266A major update is required when there are changes to the `openolt.proto` API.
267
268Both updates of the OpenOLT agent are service impacting for the customer.
269
270Minor Update
271------------
272A minor update will be seen from VOLTHA as a reboot of the OLT.
273During a minor update of the openolt agent no northbound should be done, in progress provision call will
274reconcile upon OLT reboot.

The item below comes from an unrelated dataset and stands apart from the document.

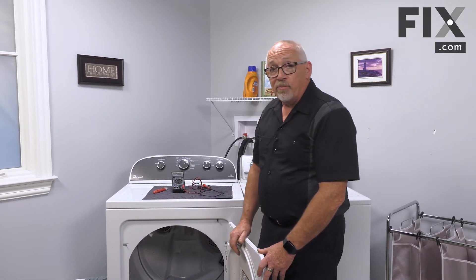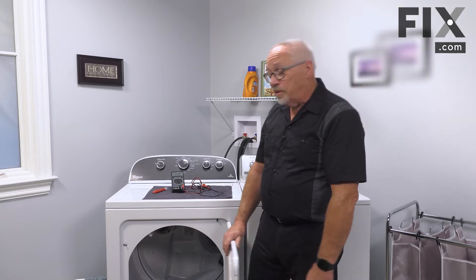This one's intact — that drum is stiff to turn, so I know that's good. So if you know it's not the belt because that drum is a little hard to turn, that's great. There are some other devices inside that can stop the dryer from running.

Events, metrics and performance measurements data can be lost and should not be expected
275during this procedure.
276The procedure is as follows:
277
278#. place the new openolt agent `.deb` package on the desired OLT.

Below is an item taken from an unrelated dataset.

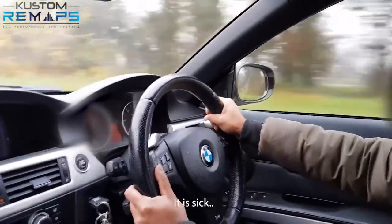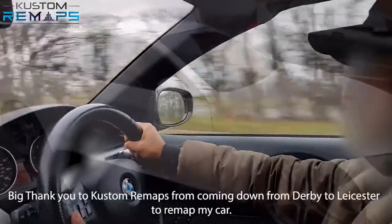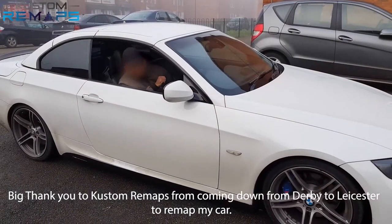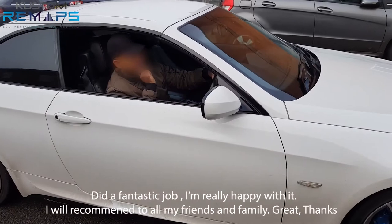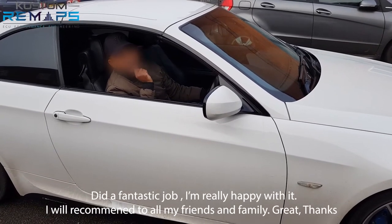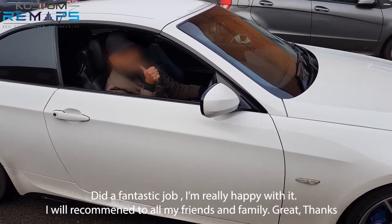Big thanks to Custom Remaps for coming down all the way over to Leicester to remap my car. You've done a fantastic job — I'm really happy with it. I'll recommend it to all my friends and family. Very many thanks.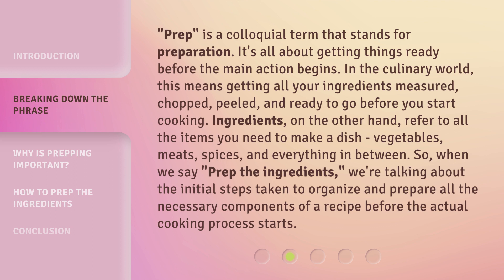Ingredients, on the other hand, refer to all the items you need to make a dish — vegetables, meats, spices, and everything in between. So when we say "prep the ingredients," we're talking about the initial steps taken to organize and prepare all the necessary components of a recipe before the actual cooking process starts.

279#. stop the running `openolt`, `dev_mgmnt_deamon` and optionally the `watchdog` processes on the OLT.
280#. run the new openolt packages
281#. reboot the OLT hardware.
282
283After these steps are done VOLTHA will re-receive the OLT connection and re-provision data accordingly.
284
285Major update
286------------
287A major update will require the OLT to be deleted from VOLTHA to ensure no inconsistent data is stored.
288During a major update of the openolt agent and adapter no northbound should be done and
289in progress call will fail. Events, metrics and performance measurements data will be lost.
290The procedure is as follows:
291
292#. Delete the OLT device from VOLTHA (e.g. voltctl device delete <olt_id>)
293#. Upgrade the openolt-adapter to the new version via `helm upgrade`.
294#. place the new openolt agent `.deb` package on the desired OLT.
295#. stop the running `openolt`, `dev_mgmnt_deamon` and optionally the `watchdog` processes on the OLT.
296#. run the new openolt packages
297#. reboot the OLT hardware.
298#. re-provision the OLT (e.g. `voltctl device provision <ip:port>`
299#. re-enable the OLT (e.g. `voltctl device enable <olt_id>`
300#. re-provision the subscribers.
301
302After these steps VOLTHA effectively treats the OLT as a brand new one which it had no prior knowledge of.